# Try it
As an exercise, transcribe the data below in full and exactly, omitting pictures.

# Material shown
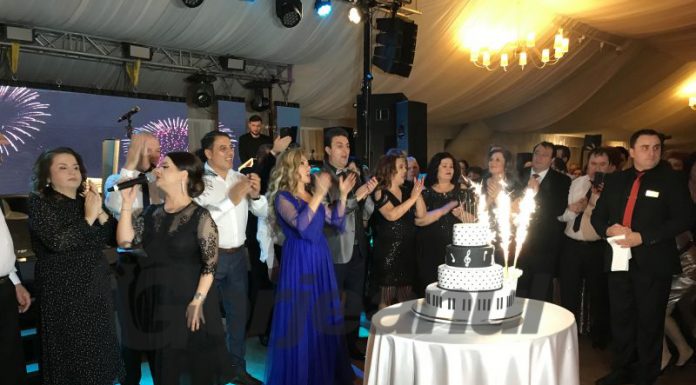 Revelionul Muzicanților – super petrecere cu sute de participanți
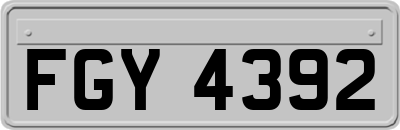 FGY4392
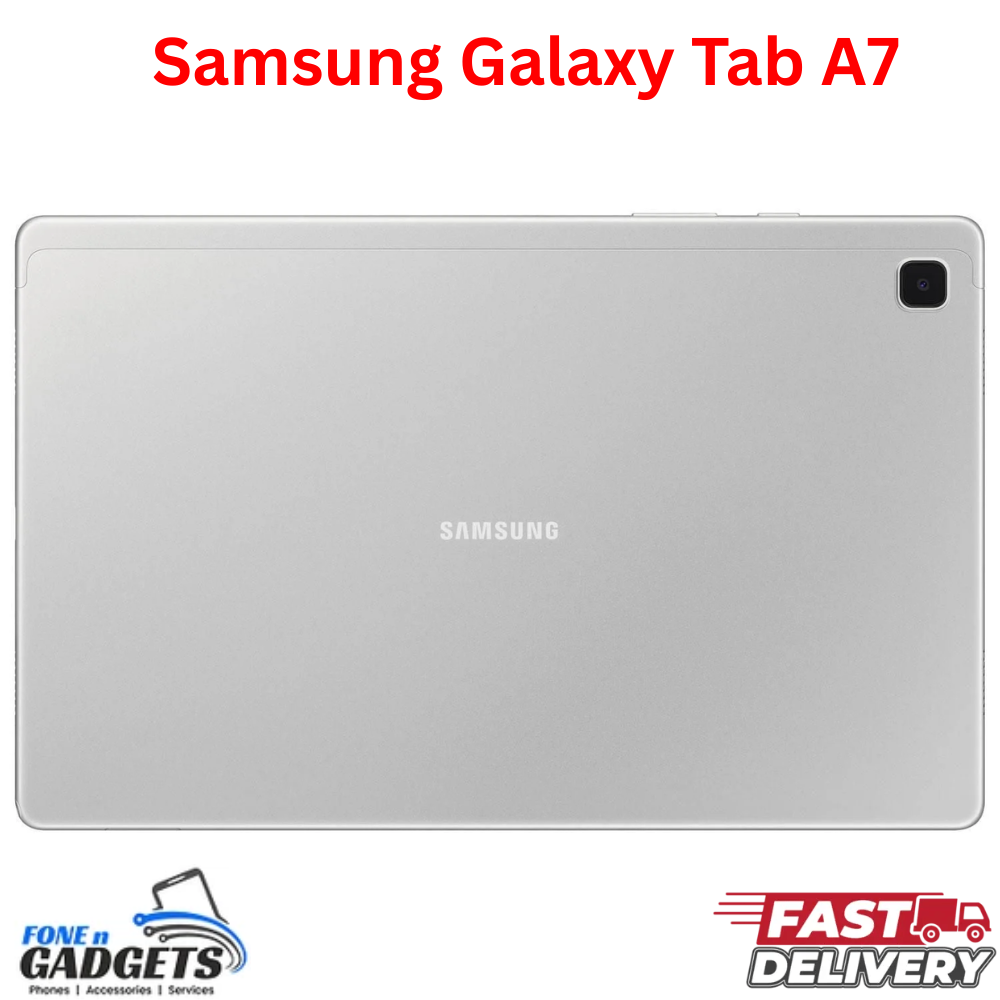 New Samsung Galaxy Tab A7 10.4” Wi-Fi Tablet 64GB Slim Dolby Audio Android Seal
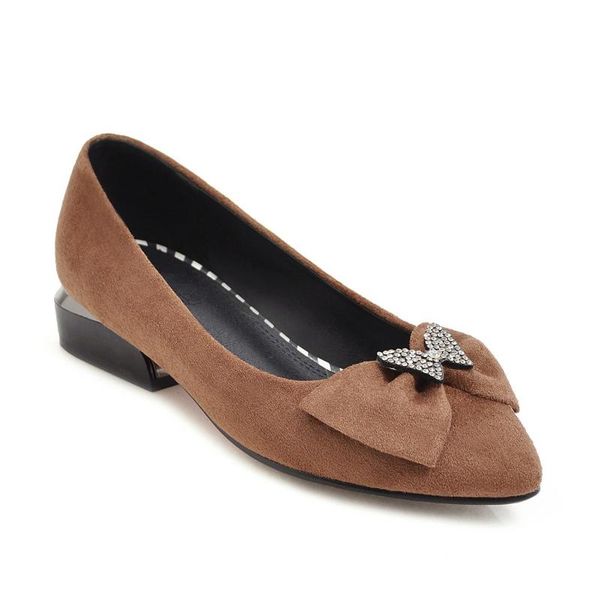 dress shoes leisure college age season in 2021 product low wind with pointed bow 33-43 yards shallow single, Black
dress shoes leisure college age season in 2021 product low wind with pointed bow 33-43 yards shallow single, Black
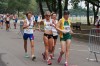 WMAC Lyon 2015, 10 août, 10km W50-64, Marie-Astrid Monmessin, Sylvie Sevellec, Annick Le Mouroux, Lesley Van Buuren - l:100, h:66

# Result of this task
 Revelionul Muzicanților – super petrecere cu sute de participanți
 FGY4392
 New Samsung Galaxy Tab A7 10.4” Wi-Fi Tablet 64GB Slim Dolby Audio Android Seal
 dress shoes leisure college age season in 2021 product low wind with pointed bow 33-43 yards shallow single, Black
dress shoes leisure college age season in 2021 product low wind with pointed bow 33-43 yards shallow single, Black
 WMAC Lyon 2015, 10 août, 10km W50-64, Marie-Astrid Monmessin, Sylvie Sevellec, Annick Le Mouroux, Lesley Van Buuren - l:100, h:66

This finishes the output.